CMS issues final rule with home health payment changes for 2015

Changes to the Medicare home health prospective payment system for calendar year 2015 are designed to foster greater efficiency and flexibility, improved payment accuracy and increased quality, according to the Centers for Medicare & Medicaid Services (CMS), which announced the final rule late yesterday. The alterations, effective Jan. 1, will be published in the Nov. 6 Federal Register but can be downloaded in PDF form now.

The rule implements increases to the national per-visit payment rates, a 2.82 percent reduction to the non-routine supplies (NRS) conversion factor, and a reduction to the national, standardized, 60-day episode rate of $80.95 for 2015. The national, standardized, 60-day episode payment for 2015 is $2,961.38.

Specific changes:

Face-to-face encounters. The rule finalizes three changes to the face-to-face encounter requirements for episodes of care beginning on or after Jan. 1. First, CMS is eliminating the narrative requirement currently in regulation, although the certifying physician still would be required to certify that a face-to-face patient encounter occurred and to document the date of the encounter as part of the certification of eligibility. Second, CMS is finalizing that if a home health agency claim is denied, then the corresponding physician claim for certifying/re-certifying patient eligibility for Medicare-covered home health services is considered non-covered as well because a corresponding claim for Medicare-covered home health services no longer exists. Third, CMS is clarifying that a face-to-face encounter is required for certifications, rather than initial episodes, and that a certification (versus a re-certification) generally is considered to be any time a new start of care assessment is completed to initiate care.  

Therapy reassessments. CMS is finalizing the elimination of the 13th and 19th visit reassessment requirements. For episodes beginning on or after Jan, 1, at least every 30 calendar days, a qualified therapist (instead of an assistant) must provide the needed therapy service and functionally reassess the patient.

Rate-setting changes. CMS is recalibrating the home health prospective payment system case-mix weights using calendar year 2013 home health claims data to help ensure that the case-mix weights reflect the most current utilization and resource data available. Changes include Core Based Statistical Area changes for the home health wage index, changes to the home health payment update percentage, and a rebasing of the 60-day episode rate.
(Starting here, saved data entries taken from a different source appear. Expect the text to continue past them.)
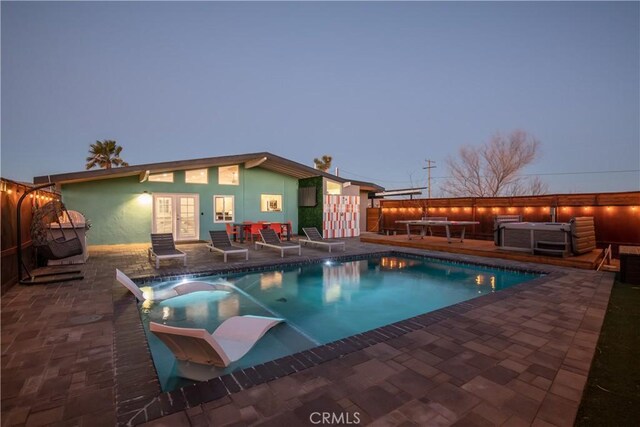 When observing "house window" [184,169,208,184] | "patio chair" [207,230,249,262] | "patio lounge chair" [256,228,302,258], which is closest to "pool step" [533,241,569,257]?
"patio lounge chair" [256,228,302,258]

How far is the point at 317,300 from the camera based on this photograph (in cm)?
609

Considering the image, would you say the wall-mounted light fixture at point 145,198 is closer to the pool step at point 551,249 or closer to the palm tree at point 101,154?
the pool step at point 551,249

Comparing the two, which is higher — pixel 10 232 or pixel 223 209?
pixel 223 209

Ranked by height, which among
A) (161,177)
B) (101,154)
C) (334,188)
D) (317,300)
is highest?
(101,154)

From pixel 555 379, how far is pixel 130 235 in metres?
13.5

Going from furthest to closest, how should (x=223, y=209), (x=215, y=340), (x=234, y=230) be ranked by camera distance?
(x=223, y=209), (x=234, y=230), (x=215, y=340)

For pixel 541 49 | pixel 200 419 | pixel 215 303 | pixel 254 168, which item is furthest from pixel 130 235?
pixel 541 49

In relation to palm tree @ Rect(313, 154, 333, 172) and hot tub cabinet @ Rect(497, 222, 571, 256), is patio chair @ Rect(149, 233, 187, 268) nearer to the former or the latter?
hot tub cabinet @ Rect(497, 222, 571, 256)

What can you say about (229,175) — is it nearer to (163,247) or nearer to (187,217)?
(187,217)

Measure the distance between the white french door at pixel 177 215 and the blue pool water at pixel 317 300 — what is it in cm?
691

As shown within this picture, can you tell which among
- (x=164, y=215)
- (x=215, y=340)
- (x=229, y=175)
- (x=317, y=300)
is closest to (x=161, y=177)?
(x=164, y=215)

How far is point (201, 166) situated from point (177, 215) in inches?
94.5

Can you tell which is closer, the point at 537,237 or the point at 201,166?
the point at 537,237

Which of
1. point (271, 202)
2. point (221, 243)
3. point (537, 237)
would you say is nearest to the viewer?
point (537, 237) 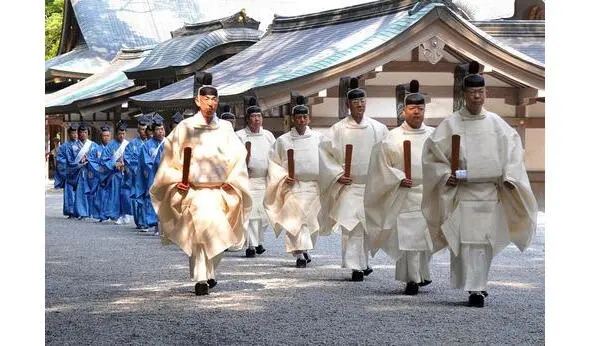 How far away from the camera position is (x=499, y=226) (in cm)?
856

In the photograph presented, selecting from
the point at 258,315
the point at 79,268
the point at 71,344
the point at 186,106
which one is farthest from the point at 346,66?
the point at 71,344

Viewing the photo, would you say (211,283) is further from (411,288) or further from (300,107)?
(300,107)

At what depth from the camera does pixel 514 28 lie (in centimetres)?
2262

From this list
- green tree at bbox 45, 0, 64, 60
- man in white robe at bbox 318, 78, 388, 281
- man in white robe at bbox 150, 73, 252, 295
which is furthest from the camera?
green tree at bbox 45, 0, 64, 60

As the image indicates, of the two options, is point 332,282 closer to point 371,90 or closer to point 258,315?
point 258,315

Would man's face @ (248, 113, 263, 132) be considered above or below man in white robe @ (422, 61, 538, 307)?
above

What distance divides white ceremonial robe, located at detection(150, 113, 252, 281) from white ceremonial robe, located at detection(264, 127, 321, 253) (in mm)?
2328

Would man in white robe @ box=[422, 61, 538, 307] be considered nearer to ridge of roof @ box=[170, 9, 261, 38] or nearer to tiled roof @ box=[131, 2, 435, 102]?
tiled roof @ box=[131, 2, 435, 102]

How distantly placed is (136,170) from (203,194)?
9298 mm

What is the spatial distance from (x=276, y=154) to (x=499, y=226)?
173 inches

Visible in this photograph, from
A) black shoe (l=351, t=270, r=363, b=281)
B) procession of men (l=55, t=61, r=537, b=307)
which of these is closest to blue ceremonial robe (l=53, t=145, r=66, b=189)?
procession of men (l=55, t=61, r=537, b=307)

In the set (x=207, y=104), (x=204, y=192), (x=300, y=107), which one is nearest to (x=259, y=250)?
(x=300, y=107)

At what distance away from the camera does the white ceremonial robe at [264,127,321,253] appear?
11.8 m

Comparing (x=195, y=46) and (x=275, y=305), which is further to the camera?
(x=195, y=46) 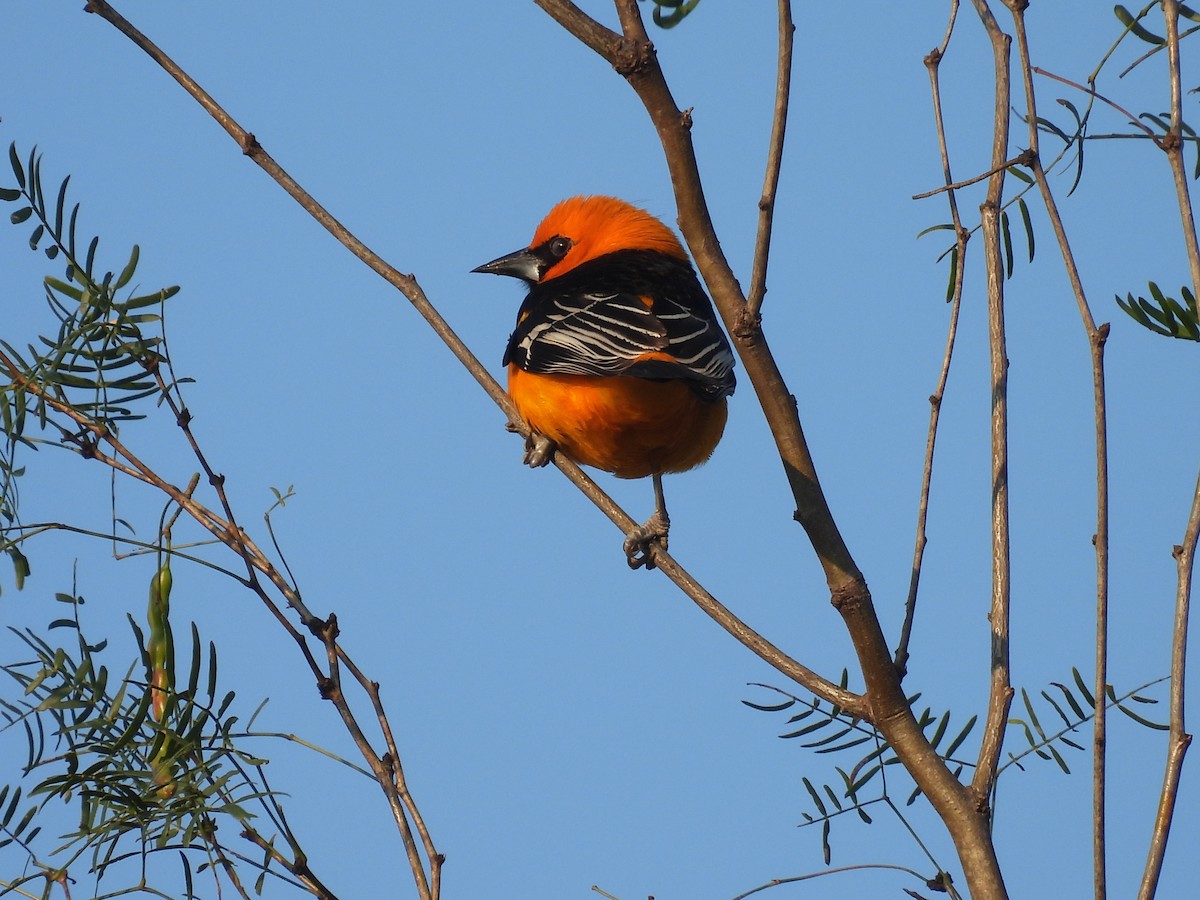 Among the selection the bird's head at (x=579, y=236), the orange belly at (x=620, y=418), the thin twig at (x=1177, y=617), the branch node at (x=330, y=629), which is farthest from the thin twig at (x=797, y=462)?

Home Health Quality Reporting Program update. The Home Health Conditions of Participations require home health agencies to submit OASIS assessments as a condition of payment and also for quality measurement purposes. Agencies that do not submit quality measure data to CMS will see a two percent reduction in their annual payment updates. In this rule, CMS has established a minimum submission threshold for the number of OASIS assessments that each agency must submit. Beginning in 2015, the initial compliance threshold will be 70 percent. This means that home health agencies will be required to submit both admission and discharge OASIS assessments for at least 70 percent of all patients with episodes of care occurring during the reporting period. CMS will increase the compliance threshold over the next two years to reach a maximum threshold of 90 percent.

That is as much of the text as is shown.